Sinnesphysiologie: Kurzsichtigkeit – die neue Pandemie
Das Zhongshan Zentrum für Ophthalmologie in der Stadt Guangzhou im Süden Chinas war schon seit Langem die größte Augenklinik des Landes. Doch um 2010 begann sie aus allen Nähten zu platzen. Immer mehr Kinder mit Sehproblemen – oft Tausende pro Tag – kamen dorthin, um sich die Augenuntersuchen und Brillen verschreiben zu lassen. Einige Ärzte und Wissenschaftler mussten sogar in Räume in einem nahe gelegenen Einkaufszentrum ausquartiert werden, um Platz für die Patientenflut zu schaffen.

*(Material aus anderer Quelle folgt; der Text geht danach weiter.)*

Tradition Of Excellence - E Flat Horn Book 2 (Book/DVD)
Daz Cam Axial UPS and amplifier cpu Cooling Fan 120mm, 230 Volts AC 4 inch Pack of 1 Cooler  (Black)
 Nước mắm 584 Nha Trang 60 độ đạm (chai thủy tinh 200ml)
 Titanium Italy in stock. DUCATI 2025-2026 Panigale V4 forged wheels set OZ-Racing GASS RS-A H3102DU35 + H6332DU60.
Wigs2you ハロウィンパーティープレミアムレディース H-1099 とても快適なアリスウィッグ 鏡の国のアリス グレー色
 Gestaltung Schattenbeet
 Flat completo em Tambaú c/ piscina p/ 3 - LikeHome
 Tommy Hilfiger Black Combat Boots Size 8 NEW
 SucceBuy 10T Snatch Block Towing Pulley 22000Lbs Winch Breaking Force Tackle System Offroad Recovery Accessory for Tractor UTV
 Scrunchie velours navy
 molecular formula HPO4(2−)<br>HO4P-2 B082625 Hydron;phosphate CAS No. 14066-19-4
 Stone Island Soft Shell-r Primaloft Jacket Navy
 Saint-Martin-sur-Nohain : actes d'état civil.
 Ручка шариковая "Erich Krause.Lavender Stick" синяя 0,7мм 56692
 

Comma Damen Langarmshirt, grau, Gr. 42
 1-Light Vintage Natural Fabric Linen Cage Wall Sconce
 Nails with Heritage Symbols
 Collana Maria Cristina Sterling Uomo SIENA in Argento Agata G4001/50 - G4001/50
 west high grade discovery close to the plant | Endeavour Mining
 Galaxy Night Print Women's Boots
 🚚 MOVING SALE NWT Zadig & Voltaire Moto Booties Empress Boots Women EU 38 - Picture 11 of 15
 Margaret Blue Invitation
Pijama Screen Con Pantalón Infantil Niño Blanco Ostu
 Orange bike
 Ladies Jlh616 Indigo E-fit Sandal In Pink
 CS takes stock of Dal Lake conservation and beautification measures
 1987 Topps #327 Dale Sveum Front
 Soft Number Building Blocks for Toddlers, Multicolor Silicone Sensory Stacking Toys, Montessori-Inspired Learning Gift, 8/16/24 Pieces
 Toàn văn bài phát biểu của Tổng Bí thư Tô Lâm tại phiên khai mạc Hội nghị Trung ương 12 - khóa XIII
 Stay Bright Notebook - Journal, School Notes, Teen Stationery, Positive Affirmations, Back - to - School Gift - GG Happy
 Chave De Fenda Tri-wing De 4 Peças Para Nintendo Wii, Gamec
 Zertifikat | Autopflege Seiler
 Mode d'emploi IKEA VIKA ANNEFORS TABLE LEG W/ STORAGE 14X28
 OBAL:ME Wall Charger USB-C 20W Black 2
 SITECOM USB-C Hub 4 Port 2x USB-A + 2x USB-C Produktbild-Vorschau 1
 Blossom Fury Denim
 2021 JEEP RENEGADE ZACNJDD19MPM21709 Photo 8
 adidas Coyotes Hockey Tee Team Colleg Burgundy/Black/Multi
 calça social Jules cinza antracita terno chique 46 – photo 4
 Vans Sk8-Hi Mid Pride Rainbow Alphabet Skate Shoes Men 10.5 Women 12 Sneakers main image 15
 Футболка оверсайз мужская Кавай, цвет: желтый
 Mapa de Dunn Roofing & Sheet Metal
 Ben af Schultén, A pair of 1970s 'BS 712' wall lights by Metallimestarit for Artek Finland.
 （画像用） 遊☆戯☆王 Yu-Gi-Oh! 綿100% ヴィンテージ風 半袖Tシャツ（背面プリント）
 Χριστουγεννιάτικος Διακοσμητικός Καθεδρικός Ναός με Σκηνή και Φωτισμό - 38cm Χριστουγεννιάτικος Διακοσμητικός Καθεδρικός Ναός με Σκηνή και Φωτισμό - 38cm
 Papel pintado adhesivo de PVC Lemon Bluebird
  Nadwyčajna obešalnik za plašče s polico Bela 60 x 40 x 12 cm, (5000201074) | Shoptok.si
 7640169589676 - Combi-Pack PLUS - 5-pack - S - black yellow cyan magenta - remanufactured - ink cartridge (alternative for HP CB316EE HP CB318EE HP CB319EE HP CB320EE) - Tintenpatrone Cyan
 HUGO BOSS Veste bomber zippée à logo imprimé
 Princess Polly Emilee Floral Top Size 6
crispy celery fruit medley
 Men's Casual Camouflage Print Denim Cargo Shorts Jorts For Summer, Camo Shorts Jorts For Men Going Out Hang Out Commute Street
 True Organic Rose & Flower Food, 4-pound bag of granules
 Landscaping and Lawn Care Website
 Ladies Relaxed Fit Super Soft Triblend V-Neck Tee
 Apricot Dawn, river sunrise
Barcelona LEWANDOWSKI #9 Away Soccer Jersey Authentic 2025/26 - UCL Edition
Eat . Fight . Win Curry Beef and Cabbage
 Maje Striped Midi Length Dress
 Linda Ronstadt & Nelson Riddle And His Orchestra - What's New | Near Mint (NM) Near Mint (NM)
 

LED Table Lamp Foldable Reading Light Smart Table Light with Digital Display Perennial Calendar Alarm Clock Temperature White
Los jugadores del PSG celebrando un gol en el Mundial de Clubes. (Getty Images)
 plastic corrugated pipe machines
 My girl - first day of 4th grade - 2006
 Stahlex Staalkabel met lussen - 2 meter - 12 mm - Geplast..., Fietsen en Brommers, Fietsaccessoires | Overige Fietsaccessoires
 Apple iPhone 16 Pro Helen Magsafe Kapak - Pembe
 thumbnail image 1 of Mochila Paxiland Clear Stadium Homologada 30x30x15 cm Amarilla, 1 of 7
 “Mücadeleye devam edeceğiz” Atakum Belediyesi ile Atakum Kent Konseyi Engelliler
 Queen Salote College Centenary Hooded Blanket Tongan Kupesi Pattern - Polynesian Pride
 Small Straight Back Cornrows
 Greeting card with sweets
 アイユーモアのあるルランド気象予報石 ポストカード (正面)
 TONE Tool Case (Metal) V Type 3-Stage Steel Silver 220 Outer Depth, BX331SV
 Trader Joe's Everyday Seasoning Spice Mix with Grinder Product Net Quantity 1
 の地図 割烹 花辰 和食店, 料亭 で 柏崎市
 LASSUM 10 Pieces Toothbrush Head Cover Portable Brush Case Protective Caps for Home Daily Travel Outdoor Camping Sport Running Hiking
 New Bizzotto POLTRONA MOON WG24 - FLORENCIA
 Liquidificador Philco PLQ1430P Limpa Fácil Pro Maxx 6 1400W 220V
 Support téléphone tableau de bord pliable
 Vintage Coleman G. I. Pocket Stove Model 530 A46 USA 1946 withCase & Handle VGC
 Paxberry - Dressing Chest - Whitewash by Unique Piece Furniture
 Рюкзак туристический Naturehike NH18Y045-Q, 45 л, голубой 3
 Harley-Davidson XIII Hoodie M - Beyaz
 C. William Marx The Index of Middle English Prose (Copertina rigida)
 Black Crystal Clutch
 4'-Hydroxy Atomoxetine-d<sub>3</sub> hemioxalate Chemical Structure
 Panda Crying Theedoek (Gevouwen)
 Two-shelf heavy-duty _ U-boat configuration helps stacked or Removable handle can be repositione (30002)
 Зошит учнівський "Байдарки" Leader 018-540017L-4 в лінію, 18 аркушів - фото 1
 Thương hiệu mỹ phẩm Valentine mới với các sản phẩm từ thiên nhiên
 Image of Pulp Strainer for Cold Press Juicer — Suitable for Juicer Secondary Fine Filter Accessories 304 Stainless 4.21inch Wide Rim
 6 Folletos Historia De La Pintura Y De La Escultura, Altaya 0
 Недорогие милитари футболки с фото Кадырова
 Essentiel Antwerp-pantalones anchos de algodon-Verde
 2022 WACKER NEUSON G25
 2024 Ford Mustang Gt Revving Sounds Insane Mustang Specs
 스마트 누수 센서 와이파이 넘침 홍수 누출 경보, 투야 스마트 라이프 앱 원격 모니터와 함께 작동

Was war der Grund? In ganz Ostasien hat Kurzsichtigkeit, fachlich als Myopie bezeichnet, in den letzten Jahren extrem zugenommen. Vor 60 Jahren waren etwa 10 bis 20 Prozent der Chinesen kurzsichtig – heute sind es bis zu 90 Prozent der Teenager und jüngeren Erwachsenen, in Südkoreas Hauptstadt Seoul sogar unglaubliche 96,5 Prozent der 19-jährigen Männer. Auch in Europa und den USA leidet inzwischen rund jeder zweite Heranwachsende unter der Sehschwäche, doppelt so viele wie noch vor einem halben Jahrhundert. Laut Schätzungen könnte bis zum Ende des Jahrzehnts ein Drittel der Weltbevölkerung betroffen sein, also 2,5 Milliarden Menschen.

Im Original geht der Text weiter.